TASK TO CARRY OUT – With the pictures omitted, transcribe each line below exactly as it is.

-- DATASET EXCERPT follows --

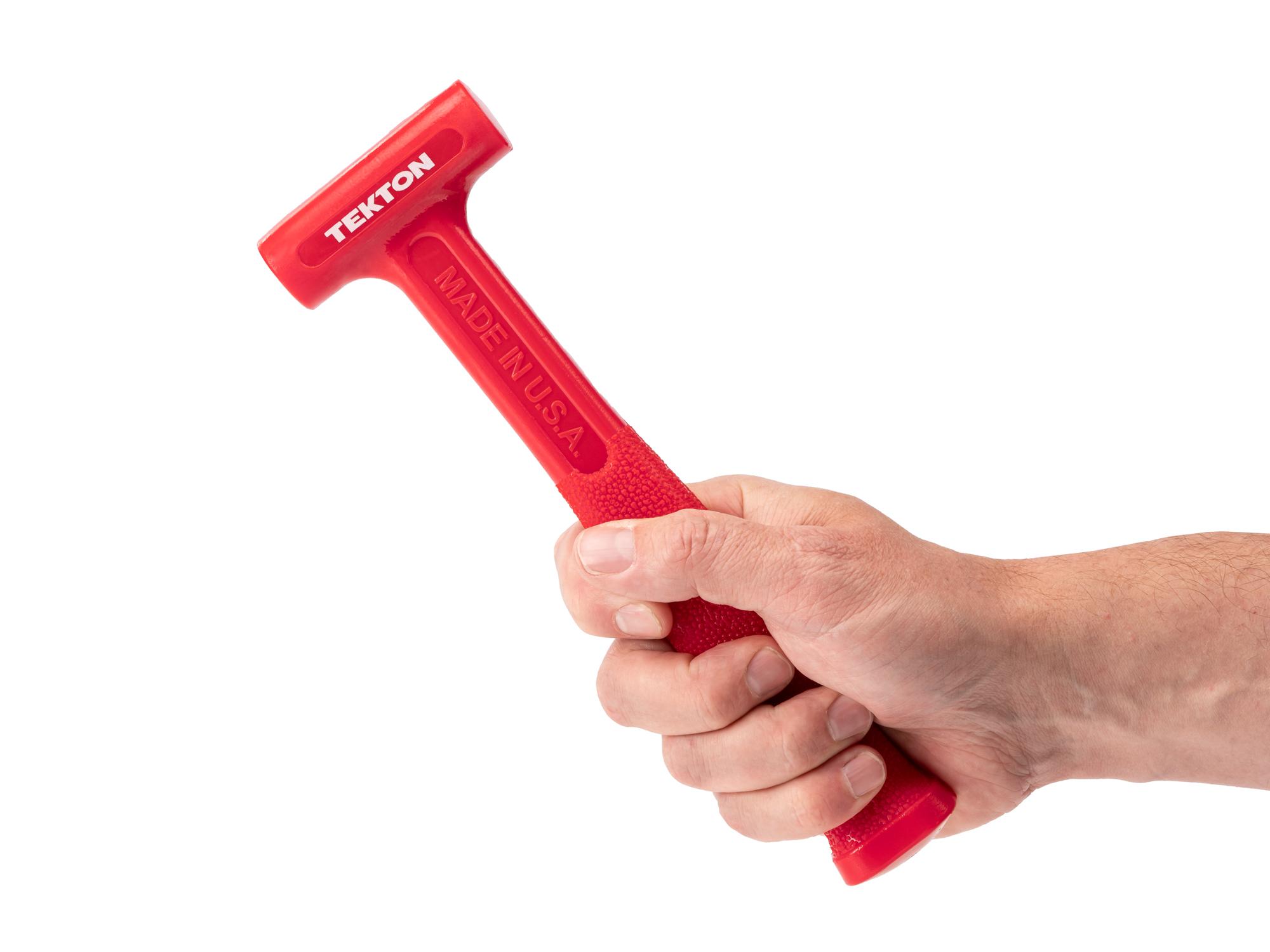 Person holding Tekton dead blow hammer. Item #HDB30008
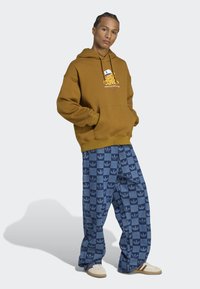 Brun hætte sweatshirts med et grafisk logo på brystet, parret med blå mønstrede brede bukser med et gentaget logo-design og sneakers.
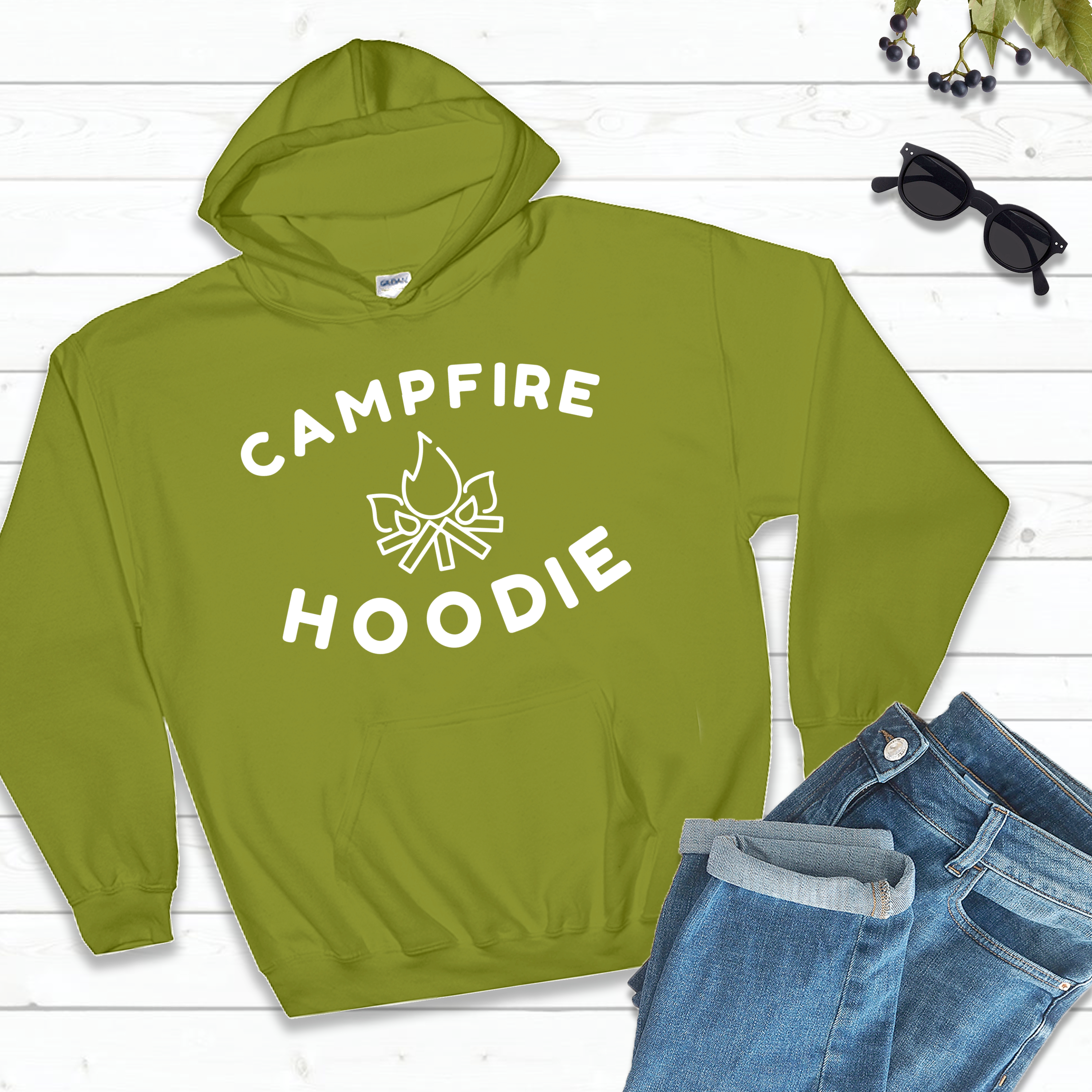 light green campfire hoodie, jeans, and sunglasses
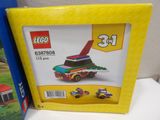 yellow picture frame with a picture of a toy truck and a box of legos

-- DATASET EXCERPT concluded --

RESPONSE TO THE EXERCISE –
 Person holding Tekton dead blow hammer. Item #HDB30008
 Brun hætte sweatshirts med et grafisk logo på brystet, parret med blå mønstrede brede bukser med et gentaget logo-design og sneakers.
 light green campfire hoodie, jeans, and sunglasses
 yellow picture frame with a picture of a toy truck and a box of legos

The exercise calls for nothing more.